## Sunday, December 7, 2014

### Problem Solving Strategies: Applications of the “Choose 2” method

1. Example: How many diagonals can be drawn for a polygon with “n” sides?

Method I:

The number of diagonals in a polygon = n(n-3)/2, where n is the number of polygon sides.

For a convex n-sided polygon, there are n vertexes, and from each vertex you can draw n-3 diagonals, so the total number of diagonals that can be drawn is n (n-3).

However, this would mean that each diagonal would be drawn twice, (to and from each vertex), so the expression must be divided by 2.

Method II:

nC2 (choose 2) - n sides = n(n-1)/ 2 – n sides

2. Example: There are n people at a party, each person shakes hands with the every other person once. How many handshakes?

Method I:
nC2 in this case (10 x 9) /2 =45
__ __ First slot you have 10 persons to choose from, second slot 9 persons. Since A shakes hands with B is the same as B shakes hands with A, so you divide the number by 2 and get the answer.

Method II:
Sum of the first consecutive Natural numbers: n (n+1) /2
The first person shakes hands with 9 other person; the second person shakes hands with 8 other person, etc…
So 9 + 8 + 7 + …= (9 x 10)/ 2 = 45

3. Example: N dots evenly spaced on a circle. How many chords can you make using those dots?
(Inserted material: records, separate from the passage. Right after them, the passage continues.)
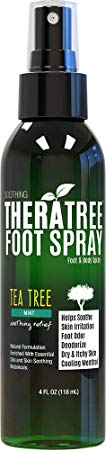 TheraTree Foot Spray for Shoe & Foot Odor with Tea Tree, Neem, MSM & Menthol for Soothing Skin Irritation. Great for Athletes.
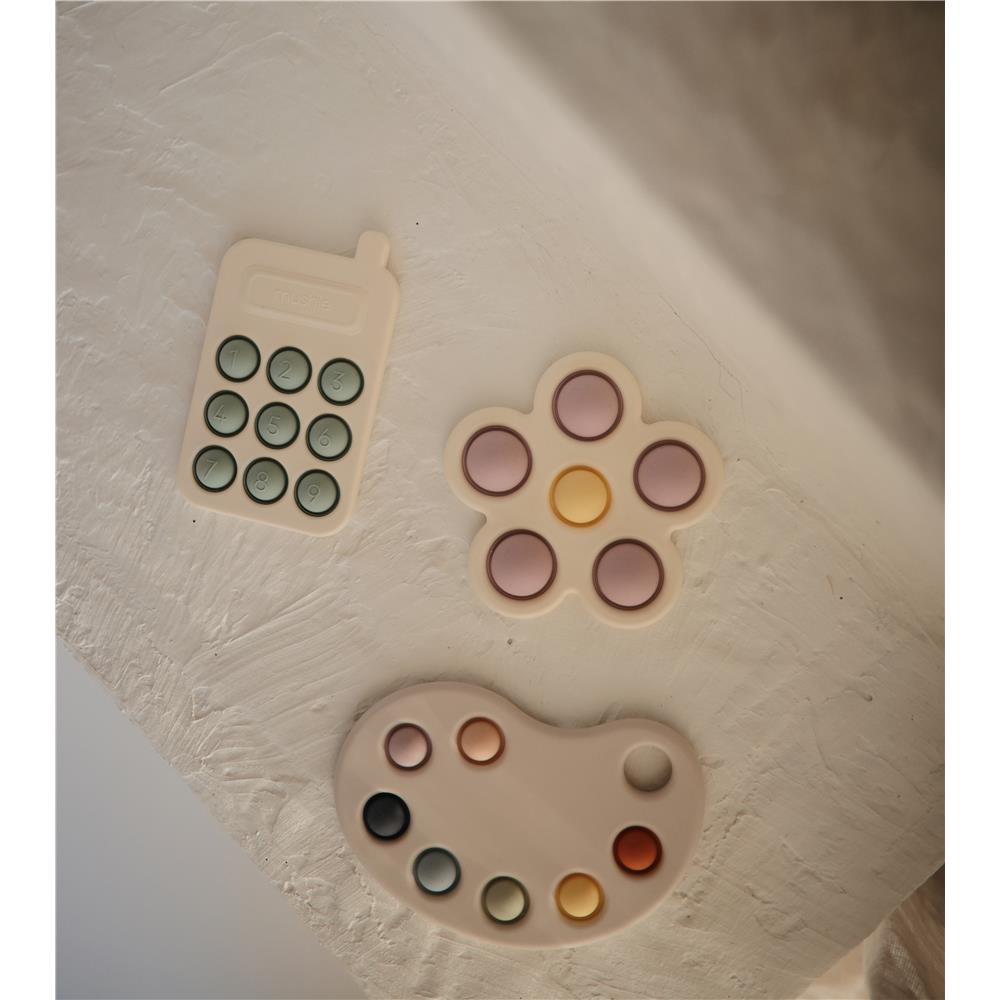 Mushie Sensorik-Spielzeug Farbpalette, aus Silikon, BPA-frei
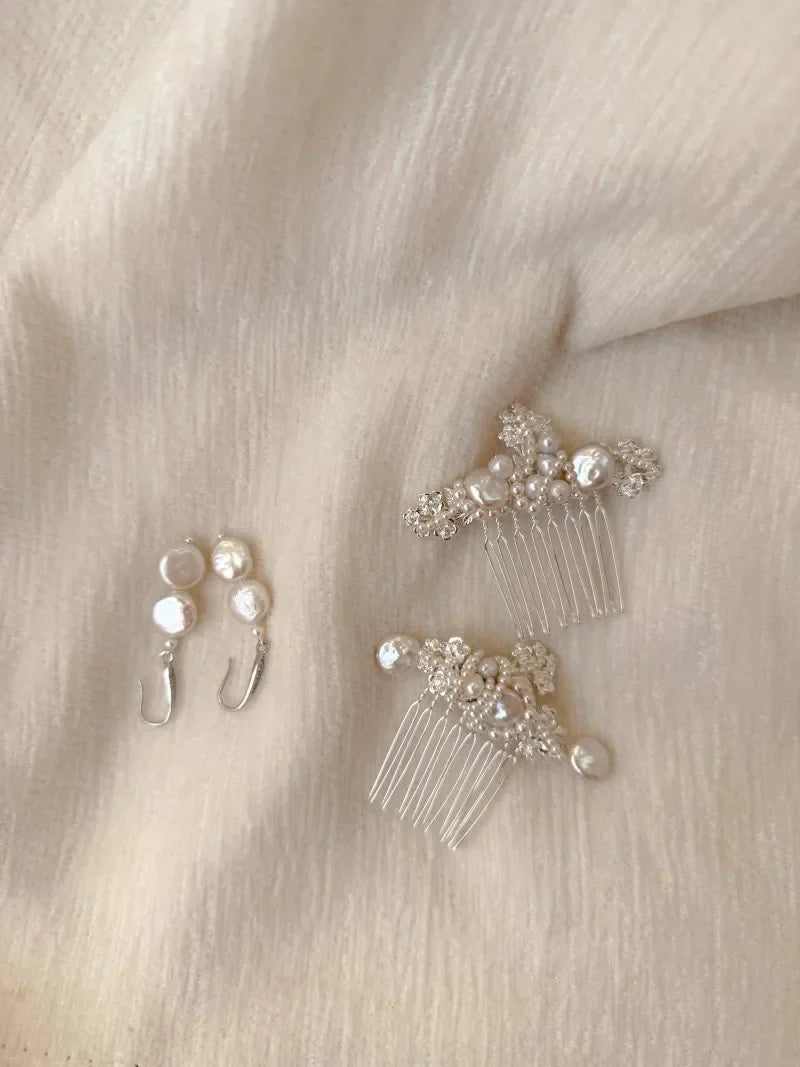 Pearls Hair Comb Pin Clip Silver Color Head Piece For Bride Bridesmaids Women Hairpin Earring Bridal Jewelry Wedding Accessories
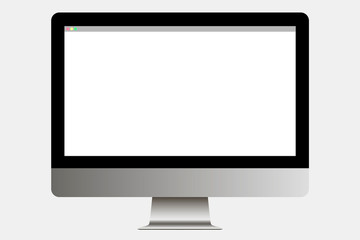 Desktop computer, Monitor with Blank White Screen isolated on white background for responsive design presentation. Vector Illustration. Screen mockup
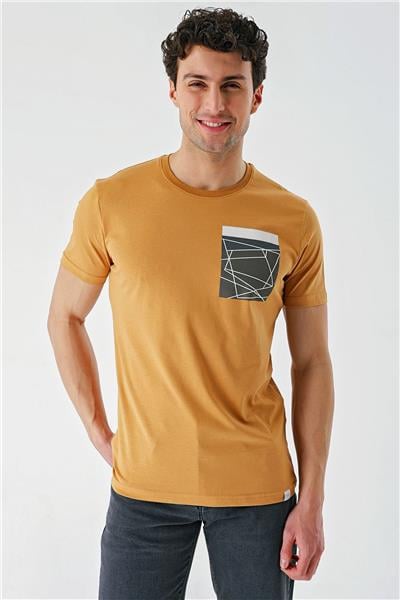 Hardal Baskılı Bez Ayağı Bisiklet Yaka %100 Pamuk Casual Slim Fit Dar Kesim Tişört 1011240169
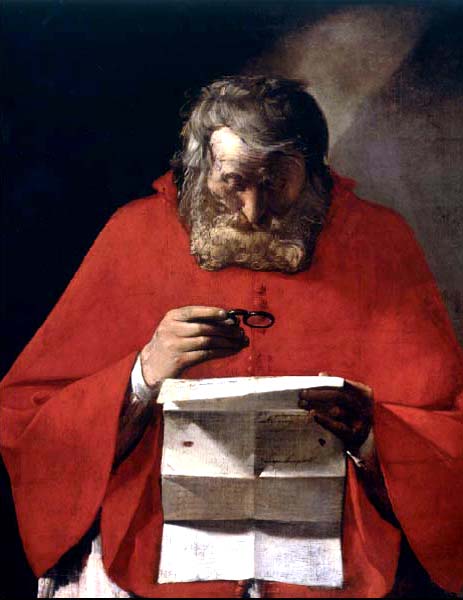 Georges de La Tour. San Jerónimo leyendo una carta (detalle) Lienzo Propiedad del Instituto Cervantes, cedido en depósito al Museo del Prado.
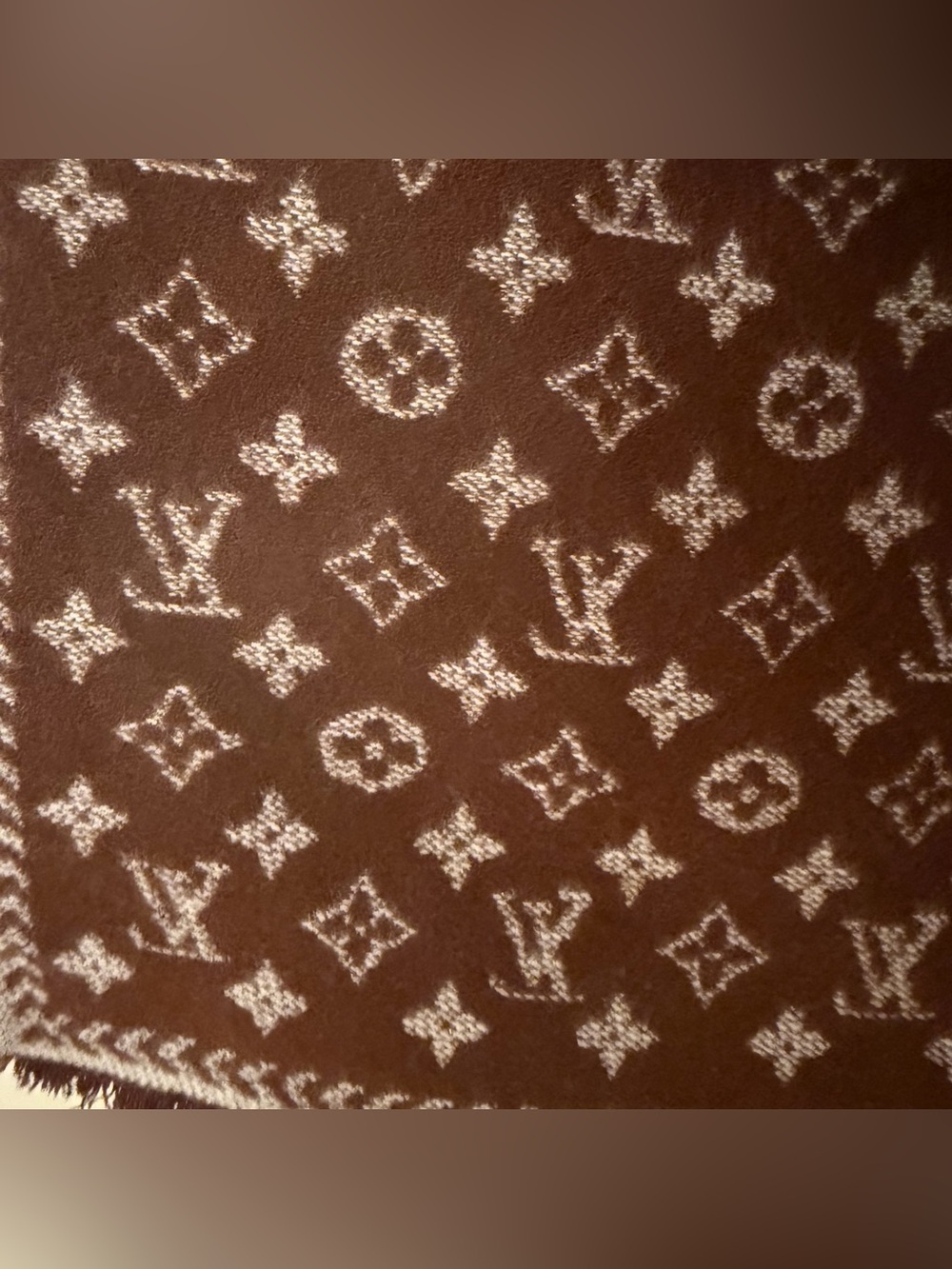 Reversible Split Monogram Cashmere Silk Scarf - Picture 10 of 14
Methods: This is very similar to hand-shaking questions.

I: nC2

II: Sum of the first consecutive (N-1) Natural numbers

#1 : A convex polygon with n sides has 20 diagonals. How many diagonals does an (n+1)-sided convex polygon have?

#2: A polygon has n sides and n diagonals. What is n?

#3: How many diagonals does a decagon have?

#4: How many diagonals does a dodecagon have?

#5: How many line segments have both their endpoints located at the vertexes of a given cube?

#6: There are 8 points on a circle, how many lines can you make? How many triangles can you make?

#7: If each of the interior angles of two regular polygons adds up to 255 degrees and their diagonals add up to 29, what is the sum of their sides?

# 1- 27    #2 -5     #3-35      #4-54 [12C2 -12]     #5 28 [There are 8 vertices, so 8C2]

#6  8C2 = 28 for lines and 8C3 = 56 triangles

#7: 6[hexagon] + 8[octagon] = 14 sides